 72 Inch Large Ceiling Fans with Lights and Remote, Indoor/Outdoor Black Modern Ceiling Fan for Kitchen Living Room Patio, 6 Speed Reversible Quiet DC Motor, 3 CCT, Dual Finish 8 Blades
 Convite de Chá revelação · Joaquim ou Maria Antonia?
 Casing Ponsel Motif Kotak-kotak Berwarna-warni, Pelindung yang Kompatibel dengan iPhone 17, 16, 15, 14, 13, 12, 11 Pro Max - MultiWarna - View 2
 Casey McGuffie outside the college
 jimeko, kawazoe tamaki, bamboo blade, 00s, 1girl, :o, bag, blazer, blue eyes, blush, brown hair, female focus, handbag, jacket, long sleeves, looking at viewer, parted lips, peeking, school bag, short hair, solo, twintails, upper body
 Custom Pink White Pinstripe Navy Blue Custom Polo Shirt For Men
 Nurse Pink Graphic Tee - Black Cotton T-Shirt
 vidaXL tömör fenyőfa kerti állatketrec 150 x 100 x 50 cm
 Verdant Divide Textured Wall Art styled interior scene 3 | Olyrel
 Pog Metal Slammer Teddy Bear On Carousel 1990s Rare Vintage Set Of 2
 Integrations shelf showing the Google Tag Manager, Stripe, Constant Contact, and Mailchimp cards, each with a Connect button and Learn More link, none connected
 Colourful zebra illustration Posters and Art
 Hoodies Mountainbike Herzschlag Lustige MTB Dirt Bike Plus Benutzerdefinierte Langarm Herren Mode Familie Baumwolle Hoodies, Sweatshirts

-- -- --

▸ **BRIEF**: All the lines above should come back exactly as written.

▸ **ANSWER SECTION**:
 72 Inch Large Ceiling Fans with Lights and Remote, Indoor/Outdoor Black Modern Ceiling Fan for Kitchen Living Room Patio, 6 Speed Reversible Quiet DC Motor, 3 CCT, Dual Finish 8 Blades
 Convite de Chá revelação · Joaquim ou Maria Antonia?
 Casing Ponsel Motif Kotak-kotak Berwarna-warni, Pelindung yang Kompatibel dengan iPhone 17, 16, 15, 14, 13, 12, 11 Pro Max - MultiWarna - View 2
 Casey McGuffie outside the college
 jimeko, kawazoe tamaki, bamboo blade, 00s, 1girl, :o, bag, blazer, blue eyes, blush, brown hair, female focus, handbag, jacket, long sleeves, looking at viewer, parted lips, peeking, school bag, short hair, solo, twintails, upper body
 Custom Pink White Pinstripe Navy Blue Custom Polo Shirt For Men
 Nurse Pink Graphic Tee - Black Cotton T-Shirt
 vidaXL tömör fenyőfa kerti állatketrec 150 x 100 x 50 cm
 Verdant Divide Textured Wall Art styled interior scene 3 | Olyrel
 Pog Metal Slammer Teddy Bear On Carousel 1990s Rare Vintage Set Of 2
 Integrations shelf showing the Google Tag Manager, Stripe, Constant Contact, and Mailchimp cards, each with a Connect button and Learn More link, none connected
 Colourful zebra illustration Posters and Art
 Hoodies Mountainbike Herzschlag Lustige MTB Dirt Bike Plus Benutzerdefinierte Langarm Herren Mode Familie Baumwolle Hoodies, Sweatshirts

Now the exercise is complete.